*Task description*
Everything from the line containing "Un grand week-end à Venise : 2014" through the last line of the listing below should be returned exactly, except for pictures.

*Supplied information*
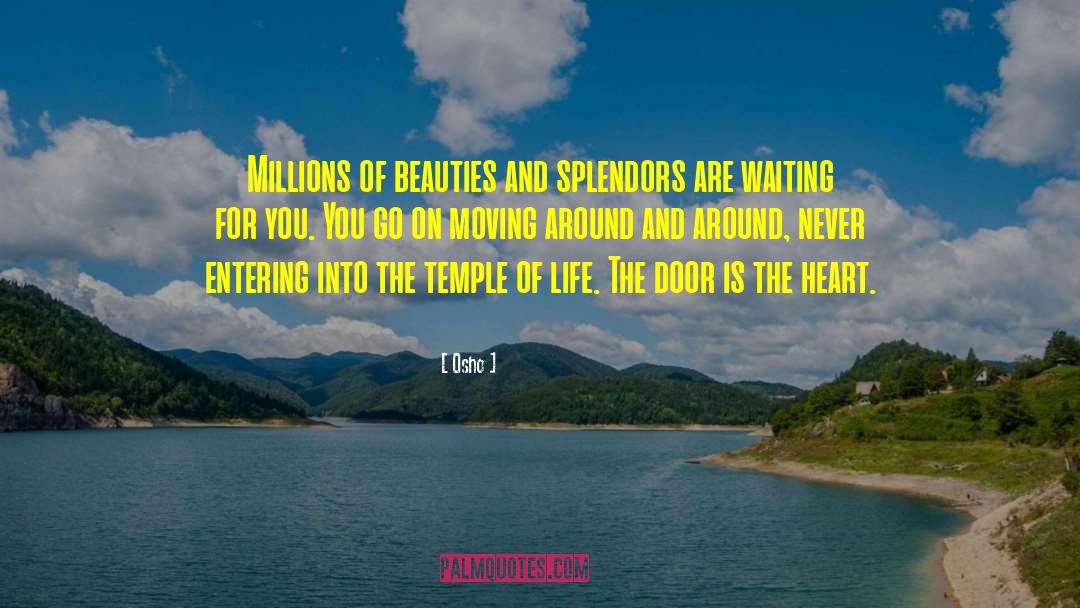 Osho Quotes: Millions of beauties and splendors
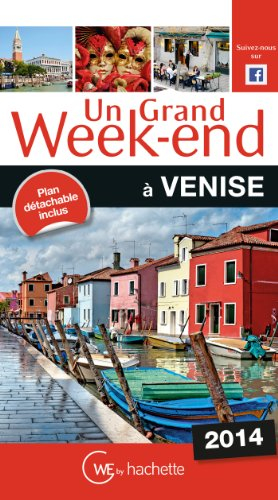 Un grand week-end à Venise : 2014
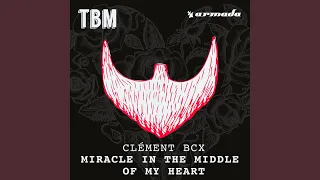 Miracle In The Middle Of My Heart (Original Mix)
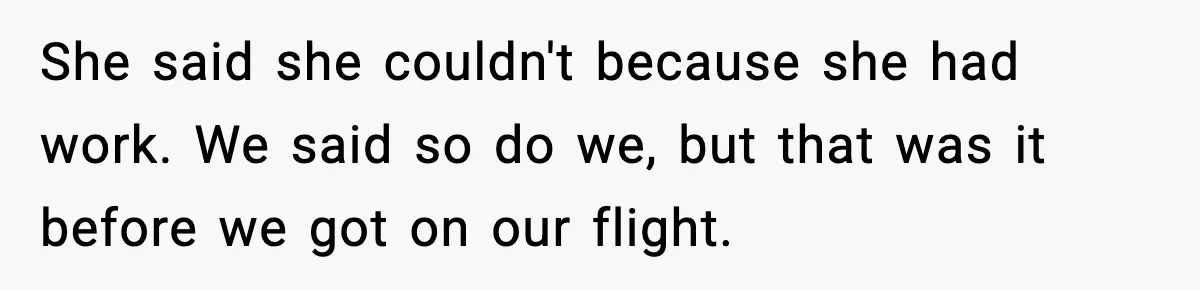 She said she couldn't because she had work. We said so do we, but that was it before we got on our flight.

*The completed task*
 Un grand week-end à Venise : 2014
 Miracle In The Middle Of My Heart (Original Mix)
 She said she couldn't because she had work. We said so do we, but that was it before we got on our flight.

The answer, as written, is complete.